Ketika krisis ekonomi global melanda dunia terjadi pada dekade 1930-an, PG Demakijo juga terkena dampaknya. Oleh karena itu, PG Demakmijo melakukan pengurangan karyawan. Bahkan pada tahun 1937 PG Demakijo ditutup sedangkan karyawannya dipindahkan ke Pabrik Gula Rewulu (Sidomulyo, Godean, Sleman) dan Pabrik Gula Padokan (Tirtonirmolo, Kasihan, Bantul).

Pada tahun 1944-1945 PG Demakijo pernah digunakan sebagai kamp internir (tahanan) untuk orang-orang Belanda. Menjelang Agresi Militer Belanda II (1948) PG Demakijo pernah pula dijadikan sebagai pabrik senjata oleh para pejuang RI. Pada saat Agresi Militer Belanda, PG Demakijo kemudian dibumihanguskan oleh para pejuang agar bangunan ini tidak digunakan sebagai markas militer Belanda.

Setelah peristiwa-peristiwa di atas, bisa dikatakan kompleks PG Demakijo tidak meninggalkan sisa bangunan apa pun. Pada bekas lahan pabrik tersebut kemudian menjadi Markas Kompi Senapan C 403. Begitupun areal bekas rumah dinas pejabat/karyawan pabrik.

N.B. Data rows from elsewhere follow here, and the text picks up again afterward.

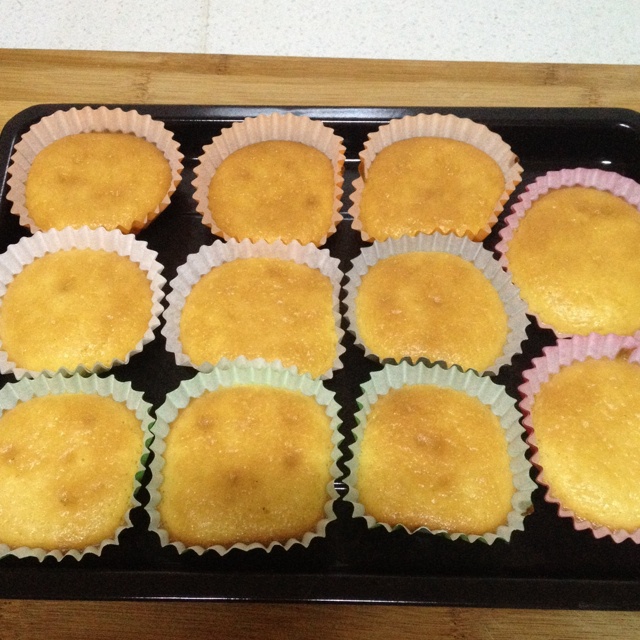 淡奶油海绵纸杯蛋糕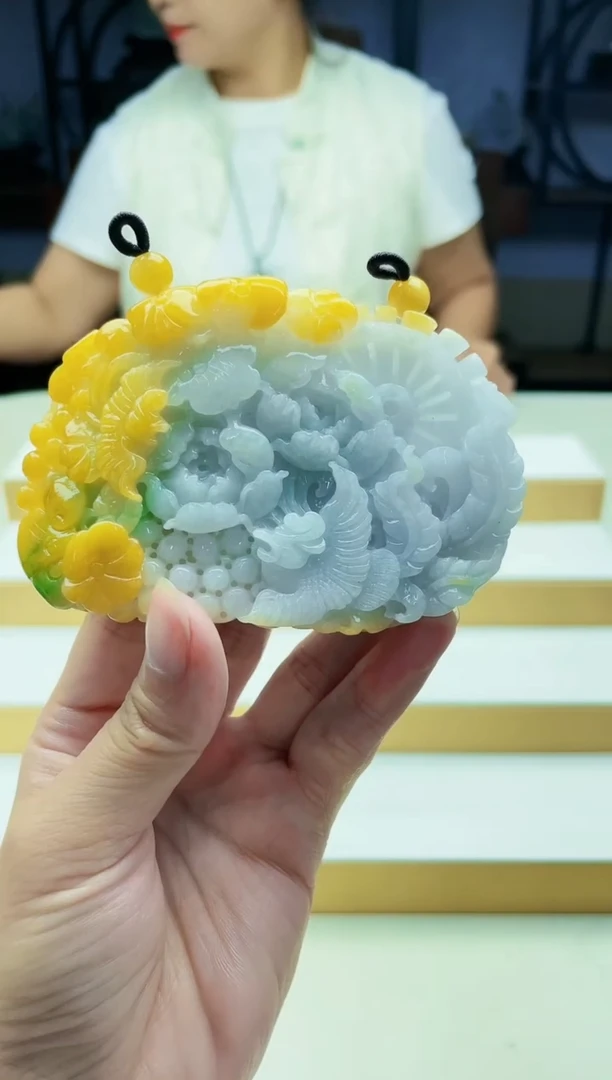 未镶嵌定制翡翠毛货09240178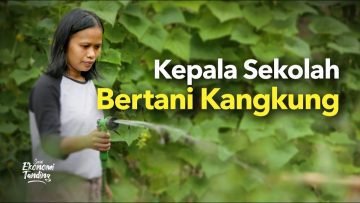 Kepala Sekolah Bertani Kangkung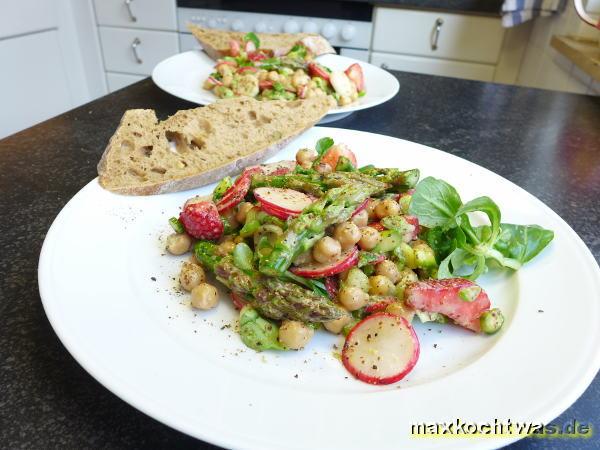 Spargel-Kichererbsen-Salat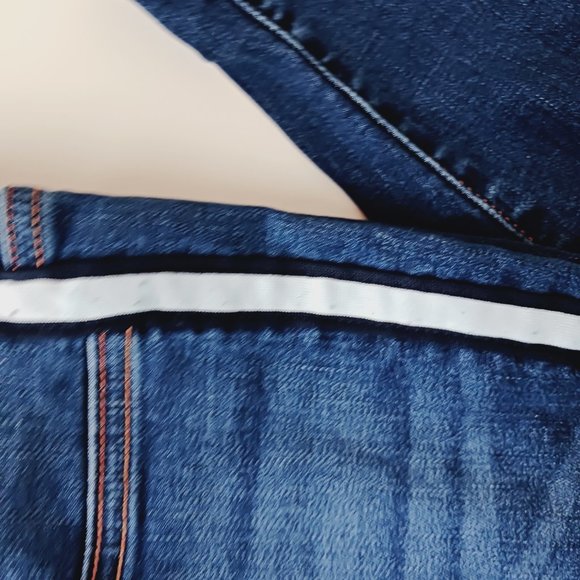 Tommy Hilfiger denim pull on leggings. - Picture 8 of 10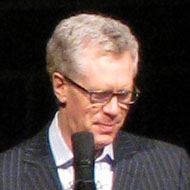 Stuart McLean (1948 - 2017) (电台主持人)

Berdasarkan data dalam buku “Suikerkultuur: Jogja yang Hilang”, yang disusun oleh Hermanu dan diterbitkan oleh Bentara Budaya Yogyakarta (2018), di kawasan PG Demakijo juga pernah didirikan rumah sakit pembantu (hulphospitaal). Rumah sakit tersebut dibuka pada tahun 1925 dengan biaya operasional yang ditanggung oleh PG Demakijo dan PG Rewulu. Rumah sakit itu ditutup akibat krisis ekonomi global, dan pada tahun 1935 diambil alih oleh Zendingziekenhuis Petronela (Rumah Sakit Bethesda).